Mr Pearson, of Hendon Way in Mackworth, said he had been assessed for a personal budget but was appealing against it.
He said: "I got told I could have £250 a week for Darren but then I got told that it wouldn't even cover a week's stay at a respite centre where Darren goes sometimes when we have a break."
"There is no way that would pay for the care. Not only that but Darren can't talk so if he had a one-to-one carer, how would I know that he was being looked after properly? He wouldn't be able to tell me."
Margaret Harris's son, Wayne, 49, also attends Wetherby and said Wayne enjoys socialising at the centre.
She said: "I asked Wayne how he would feel if the centre was closed. He said he didn't want it to close because he would miss his friends.
"We should pool our resources as carers and try to hire somewhere for them to meet with the right staff. It's the dedicated staff that make the service."
Mrs Harris, of Brompton Road in Mackworth, said she thought the council should continue to run a day service, while still offering personal budgets for younger people.
She said: " Also, Wetherby is a big building and it's not fully used so the council could get a smaller building somewhere which would make more sense."
Councillor Fareed Hussain, cabinet member for leisure and culture, last week announced the start of a consultation into the closure.

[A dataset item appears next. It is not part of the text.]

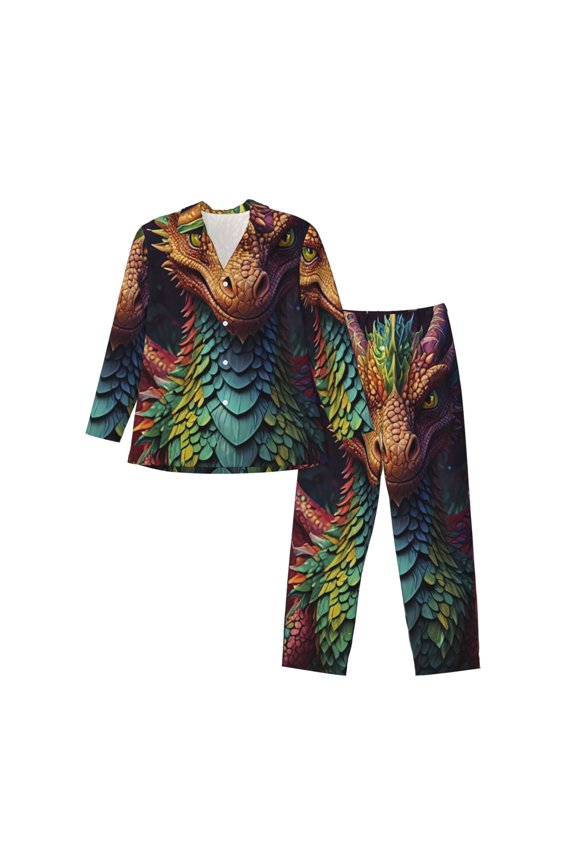 Whimsical Dragon Color Cool Print Mens Long Sleeve Pajama Set,Notched Collar Pajamas for Men, Men's Sleepwear,Mens Sleepwear with Pockets & Button Down-Large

He said that it would not close until everyone had a care plan in place which worked for them.
In addition, the centre's Inspire unit, which cares for 20 people with profound and multiple disabilities, will remain until an alternative building is found.
Council vows to work with families
COUNCILLOR Fareed Hussain, Derby City Council cabinet member for adults and health, says he will work closely with families to find alternatives to the Wetherby Centre.
The council is considering closing the day centre because it was too large, under-occupied and not offering the range of services to people it used to, such as training and skills.
Mr Hussain said: "Over the past 10 years, councils have been under pressure to move away from segregated care. More emphasis was put on this when personal budgets came into being."
To obtain a personal budget, service users are assessed as to their needs and then a sum of money is allocated to them which they can spend on different types of care and activities in the community. Carers say it could be complex for them to make those sorts of arrangements for their loved ones themselves.
Mr Hussain said: "People can have virtual budgets, which is where we tell them the amount of money they have but the council actually administers it. We are trying to be as flexible as we can.
"I would encourage carers to engage with the council to talk through possibilities and find answers."